Lort Smith, subject to availability, will provide emergency pet boarding service for up to six weeks for the pets of RDNS clients who are temporarily unable to take care of them, due to having to be away from home.

Not only does this give sick people the security of knowing their pets are cared for, but it's free. Lort Smith will transport the animals, and also provide food, upkeep and veterinary care.

As the newsletter of the RDNS says, pets positively affect people's helth, 'at a time when it is needed most'.

I couldn't agree more.

Tuesday, 6 October 2009

using food as rewards in training

I've just read a very useful summary of the pros and cons of using food as the reward in training dogs. I followed a link that Honey the Great Dane sent me. (Well, her human, Hsin-Yi actually sent it to me, but I'm sure Honey was behind it all.)

It's one of the best summaries of the issue I've ever seen.
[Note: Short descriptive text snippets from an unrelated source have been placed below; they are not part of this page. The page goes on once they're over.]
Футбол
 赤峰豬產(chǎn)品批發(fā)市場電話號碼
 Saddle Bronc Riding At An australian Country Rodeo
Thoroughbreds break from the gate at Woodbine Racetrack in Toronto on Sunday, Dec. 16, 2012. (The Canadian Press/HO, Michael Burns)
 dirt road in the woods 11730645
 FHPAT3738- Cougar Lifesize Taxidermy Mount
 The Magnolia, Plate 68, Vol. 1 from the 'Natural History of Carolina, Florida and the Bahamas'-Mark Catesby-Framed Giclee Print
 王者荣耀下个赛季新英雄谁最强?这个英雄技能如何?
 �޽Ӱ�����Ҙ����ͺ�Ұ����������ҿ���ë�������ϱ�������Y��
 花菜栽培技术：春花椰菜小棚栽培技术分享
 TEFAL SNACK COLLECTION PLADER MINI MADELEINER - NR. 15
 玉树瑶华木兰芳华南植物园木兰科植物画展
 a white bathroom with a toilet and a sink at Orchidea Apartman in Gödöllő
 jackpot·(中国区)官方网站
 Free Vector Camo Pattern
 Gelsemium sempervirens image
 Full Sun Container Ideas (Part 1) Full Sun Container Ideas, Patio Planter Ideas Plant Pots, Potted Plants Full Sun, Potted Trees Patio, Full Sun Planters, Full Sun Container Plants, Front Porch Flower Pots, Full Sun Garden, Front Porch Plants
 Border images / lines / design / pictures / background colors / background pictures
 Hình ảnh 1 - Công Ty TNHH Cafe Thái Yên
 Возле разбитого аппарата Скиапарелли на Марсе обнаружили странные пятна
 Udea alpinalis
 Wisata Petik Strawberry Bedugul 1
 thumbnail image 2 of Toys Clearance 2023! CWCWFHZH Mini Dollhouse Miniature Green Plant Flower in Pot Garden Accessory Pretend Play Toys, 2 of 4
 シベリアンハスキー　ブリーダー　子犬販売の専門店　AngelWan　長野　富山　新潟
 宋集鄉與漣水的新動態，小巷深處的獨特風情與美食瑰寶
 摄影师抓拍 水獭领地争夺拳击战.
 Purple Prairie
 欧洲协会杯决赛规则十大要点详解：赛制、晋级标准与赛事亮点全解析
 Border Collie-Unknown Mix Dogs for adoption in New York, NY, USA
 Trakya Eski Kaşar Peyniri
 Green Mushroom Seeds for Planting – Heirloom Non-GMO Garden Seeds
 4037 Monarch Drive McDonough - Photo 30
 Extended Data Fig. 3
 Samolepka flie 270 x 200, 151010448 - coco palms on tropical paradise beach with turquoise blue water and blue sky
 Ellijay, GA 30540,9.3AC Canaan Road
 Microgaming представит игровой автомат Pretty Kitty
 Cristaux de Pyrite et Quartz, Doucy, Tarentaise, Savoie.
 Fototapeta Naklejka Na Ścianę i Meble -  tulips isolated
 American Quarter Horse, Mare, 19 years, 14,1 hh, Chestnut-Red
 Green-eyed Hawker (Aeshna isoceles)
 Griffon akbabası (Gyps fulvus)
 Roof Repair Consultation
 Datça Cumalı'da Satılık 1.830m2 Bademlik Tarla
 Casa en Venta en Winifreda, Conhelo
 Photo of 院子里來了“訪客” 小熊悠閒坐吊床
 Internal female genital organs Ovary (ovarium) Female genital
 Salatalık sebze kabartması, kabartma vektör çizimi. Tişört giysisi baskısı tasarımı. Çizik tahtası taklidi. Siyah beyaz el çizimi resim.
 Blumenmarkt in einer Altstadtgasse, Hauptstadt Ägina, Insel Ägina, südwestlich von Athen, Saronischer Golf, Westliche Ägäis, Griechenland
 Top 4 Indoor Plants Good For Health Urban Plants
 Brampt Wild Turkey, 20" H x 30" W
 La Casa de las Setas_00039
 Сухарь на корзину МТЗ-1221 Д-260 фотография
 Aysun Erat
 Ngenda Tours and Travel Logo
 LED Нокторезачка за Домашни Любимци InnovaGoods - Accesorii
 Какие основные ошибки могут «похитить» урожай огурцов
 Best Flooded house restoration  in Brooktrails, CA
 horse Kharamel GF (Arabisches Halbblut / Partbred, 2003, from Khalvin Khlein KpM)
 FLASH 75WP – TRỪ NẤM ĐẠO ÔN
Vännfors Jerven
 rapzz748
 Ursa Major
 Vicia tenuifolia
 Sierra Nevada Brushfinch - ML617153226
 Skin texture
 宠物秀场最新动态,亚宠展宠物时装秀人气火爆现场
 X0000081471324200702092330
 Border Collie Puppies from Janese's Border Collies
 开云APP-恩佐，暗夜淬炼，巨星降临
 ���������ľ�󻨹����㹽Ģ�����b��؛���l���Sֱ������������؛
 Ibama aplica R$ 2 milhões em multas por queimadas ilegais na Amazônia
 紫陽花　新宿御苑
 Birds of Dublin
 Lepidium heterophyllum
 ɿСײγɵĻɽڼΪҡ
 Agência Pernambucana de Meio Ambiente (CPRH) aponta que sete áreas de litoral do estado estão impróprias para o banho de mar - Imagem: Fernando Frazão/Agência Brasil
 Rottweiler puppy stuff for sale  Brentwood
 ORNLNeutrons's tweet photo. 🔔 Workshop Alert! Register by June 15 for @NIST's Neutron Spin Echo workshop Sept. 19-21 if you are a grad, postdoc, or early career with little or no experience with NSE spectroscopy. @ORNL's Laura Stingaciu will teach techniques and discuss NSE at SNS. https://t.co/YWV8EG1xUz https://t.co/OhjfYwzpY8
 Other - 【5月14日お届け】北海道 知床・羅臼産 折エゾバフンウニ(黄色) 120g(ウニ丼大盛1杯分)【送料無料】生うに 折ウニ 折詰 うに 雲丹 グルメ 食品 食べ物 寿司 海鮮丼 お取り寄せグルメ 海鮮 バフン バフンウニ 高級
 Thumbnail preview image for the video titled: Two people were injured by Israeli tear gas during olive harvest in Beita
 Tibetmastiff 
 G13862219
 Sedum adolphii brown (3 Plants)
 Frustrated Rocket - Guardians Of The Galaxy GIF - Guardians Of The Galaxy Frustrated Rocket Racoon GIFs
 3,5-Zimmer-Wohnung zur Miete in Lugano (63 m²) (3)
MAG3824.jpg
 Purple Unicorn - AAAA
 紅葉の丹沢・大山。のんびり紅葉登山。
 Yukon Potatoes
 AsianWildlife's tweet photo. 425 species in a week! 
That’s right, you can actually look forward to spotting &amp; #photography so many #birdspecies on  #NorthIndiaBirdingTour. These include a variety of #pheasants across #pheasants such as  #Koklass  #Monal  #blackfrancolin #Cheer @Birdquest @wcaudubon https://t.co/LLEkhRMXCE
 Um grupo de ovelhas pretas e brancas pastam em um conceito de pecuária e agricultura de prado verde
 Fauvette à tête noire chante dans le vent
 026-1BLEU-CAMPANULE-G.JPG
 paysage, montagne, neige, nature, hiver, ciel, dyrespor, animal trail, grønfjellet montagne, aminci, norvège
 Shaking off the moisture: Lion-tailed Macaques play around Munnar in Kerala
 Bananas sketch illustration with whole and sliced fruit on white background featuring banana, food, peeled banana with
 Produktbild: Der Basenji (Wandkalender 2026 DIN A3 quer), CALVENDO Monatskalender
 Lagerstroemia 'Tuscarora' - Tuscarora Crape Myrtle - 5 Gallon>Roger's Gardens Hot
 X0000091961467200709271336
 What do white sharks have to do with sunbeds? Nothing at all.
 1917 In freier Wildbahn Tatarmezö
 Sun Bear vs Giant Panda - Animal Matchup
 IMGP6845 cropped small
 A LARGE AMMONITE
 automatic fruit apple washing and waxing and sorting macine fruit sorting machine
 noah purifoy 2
What I particularly liked was the point that the human has to follow up with the teaching throughout the dog's life. So, if you like jerking on a chain and releasing it, you'll be doing it right through the dog's life. (Definitely not my choice.)

Or, if you reward with food, you are committed to doing that indefinitely. Not all the time, but indefinitely.

And you have to remember that the more treats you give, the less food there will be at mealtimes, or you'll end up with an overfed dog.

Monday, 5 October 2009

sometimes dogs should stay away from birds

After my last post about the avian fruit-thief, I thought I should even up by putting a link to this story about another Australian bird, a link that a friend emailed to me today.

By the way, I love birds. Especially the ones that are nearly as clever as dogs!

It's one of the loveliest stories I've read, and it's about a member of the cockatoo family, a long-lived bird species that should not be caged, in my opinion.

Don't forget to click on the 'next' links to read the whole story.

Friday, 2 October 2009

dogs guarding fruit crops...not!

Where was Penny when this cheeky thief arrived to steal our cherry blossom?

Lucky for him, she wasn't here while he was stripping the cherry blossoms from our trees! I'm sure she would have seen him off in quick-smart time, because he was sitting quite low in the trees and she would have stretched up high and really, really scared him. Or tried to...

Hmmm...but he was rather tame.

Even when I threw firewood at him (and yes, I was trying to get close!) he just moved away for a few minutes until I went inside, and then sauntered back to continue his thievery. (Can birds saunter? I think this one could.)

All those beautiful blossoms, gone in an instant!

I did convince him to fly off, but there were only a few blossoms left.